День такой яркий, что даже отсюда, с отмели, видно, как там, за версту, на холмах, сверкает серебряными искрами рыбья чешуя.
Жарко – точно в бане; чайки, разморенные зноем, похожи на куриц; они бродят по отмели, раскрыв клювы, лениво распустив кривые крылья, и лишь изредка хрипло вскрикивают, задыхаясь. Едва слышно шумит и плещется вода, облизывая отмель низенькими, в четверть аршина, волнишками.
Тихо, точно после великого несчастия, тихо и пусто.
Изнывая от жары, на влажном песке растянулся, закрыв белесые глаза, сергачский человек Баринов, он ворчит, дремотно поучая меня:
– В думах моих я все земли прошел, все моря переплыл; в думах моих я все грехи изведал…
Я слушаю и не верю ему, – он человек робкий, на людях ведет себя подхалимом, а когда говорит с приказчиком завода, то у него дрожат ноги и голос ласково взвизгивает. Он мужчина ленивый, как буйвол, неустанно рассуждающий и чрезвычайно волосат; его плоское курносое лицо – в шерстяной маске песочного цвета, из широких, точно у верблюда, ноздрей торчат рыжие шерстинки, из ушей – тоже, голая, медная от загара грудь заросла, как у медведя, даже на суставах пальцев растут густые кустики волос. Ноги у него кривые, портновские, руки – длинны и толсты, как ноги; ему, должно быть, очень удобно ходить на четвереньках.
Но это очень добродушный, очень смирный зверь; когда товарищи бьют его за лень и ротозейство, он, перекатываясь бочонком под ногами у них, только просит» не сердясь и не жалуясь:
– Да будя, братцы, будя! Ну, побили, ну и ладно… Его лысая голова туго повязана красным; издали кажется, что череп его лишен кожи.

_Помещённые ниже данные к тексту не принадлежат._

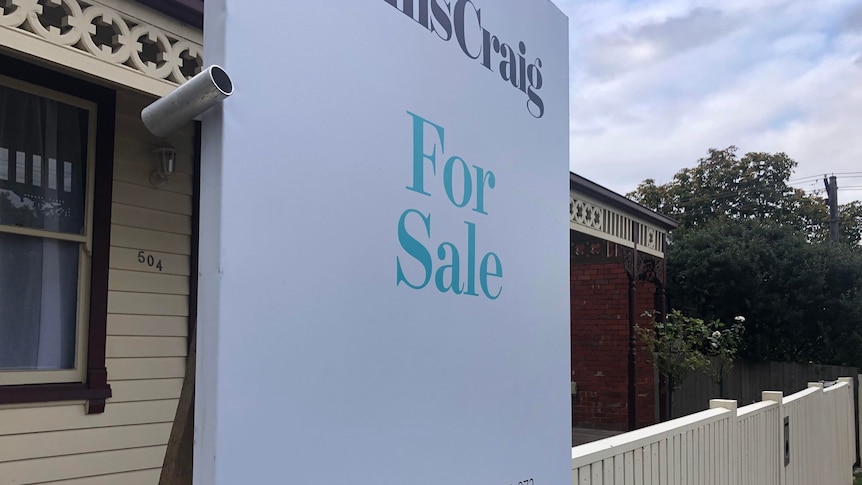  A 'for sale' sign outside a house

– А в жизни я – пустой человек, – справедливо говорит он, не интересуясь, слушаю ли я его. – Пустой, как бубен, ударят – отвечаю, не трогают – молчу…
Он как будто бредит, я тоже в полусне. Над нами очень синее небо, вокруг – зеленоватое море, как будто и под нами небо. А мы, на атласном куске отмели, висим в бездонной пустоте, точно на самолете-ковре.
Но ковер-самолет неподвижен. И в душе тоже всё неподвижно.
Версты за полторы впереди такая же отмель, как наша; ее было бы не видно в массе расплавленного, горячо сверкающего стекла, но по ней ходит темная фигура, будто плавая в воздухе. Это – наш третий товарищ, какой-то восточный человек, перс или армянин из Персии, его зовут Изет. По-русски он почти не говорит, но прекрасно понимает всё, что ему приказывают, – очень удобный человек.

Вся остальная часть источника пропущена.